> _Exercise goal_: From the line containing "无法使用 wl 驱动程序连接到" through the last line of the entries below, repeat each line word for word and leave out the rest.

Data extract section start

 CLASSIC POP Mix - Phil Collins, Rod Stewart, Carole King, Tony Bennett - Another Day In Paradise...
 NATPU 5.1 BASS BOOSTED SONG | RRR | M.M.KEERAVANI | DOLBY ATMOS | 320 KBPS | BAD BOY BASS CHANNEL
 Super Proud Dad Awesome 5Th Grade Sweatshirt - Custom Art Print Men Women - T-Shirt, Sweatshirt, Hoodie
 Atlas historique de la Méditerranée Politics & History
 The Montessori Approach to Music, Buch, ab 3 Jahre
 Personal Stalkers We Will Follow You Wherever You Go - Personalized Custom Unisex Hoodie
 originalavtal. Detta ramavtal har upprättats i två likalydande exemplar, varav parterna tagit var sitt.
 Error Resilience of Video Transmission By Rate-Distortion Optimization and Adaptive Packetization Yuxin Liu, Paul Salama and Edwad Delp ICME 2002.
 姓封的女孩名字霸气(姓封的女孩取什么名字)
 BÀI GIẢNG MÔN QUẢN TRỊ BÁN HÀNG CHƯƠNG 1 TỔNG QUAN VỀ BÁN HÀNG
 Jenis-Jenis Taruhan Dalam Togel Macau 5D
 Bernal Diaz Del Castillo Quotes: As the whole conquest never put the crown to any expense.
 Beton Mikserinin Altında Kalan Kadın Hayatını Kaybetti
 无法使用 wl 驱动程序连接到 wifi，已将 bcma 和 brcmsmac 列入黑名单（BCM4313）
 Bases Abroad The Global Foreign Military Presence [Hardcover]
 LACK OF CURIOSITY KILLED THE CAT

Data extract section end

> _Result for this exercise_:
 无法使用 wl 驱动程序连接到 wifi，已将 bcma 和 brcmsmac 列入黑名单（BCM4313）
 Bases Abroad The Global Foreign Military Presence [Hardcover]
 LACK OF CURIOSITY KILLED THE CAT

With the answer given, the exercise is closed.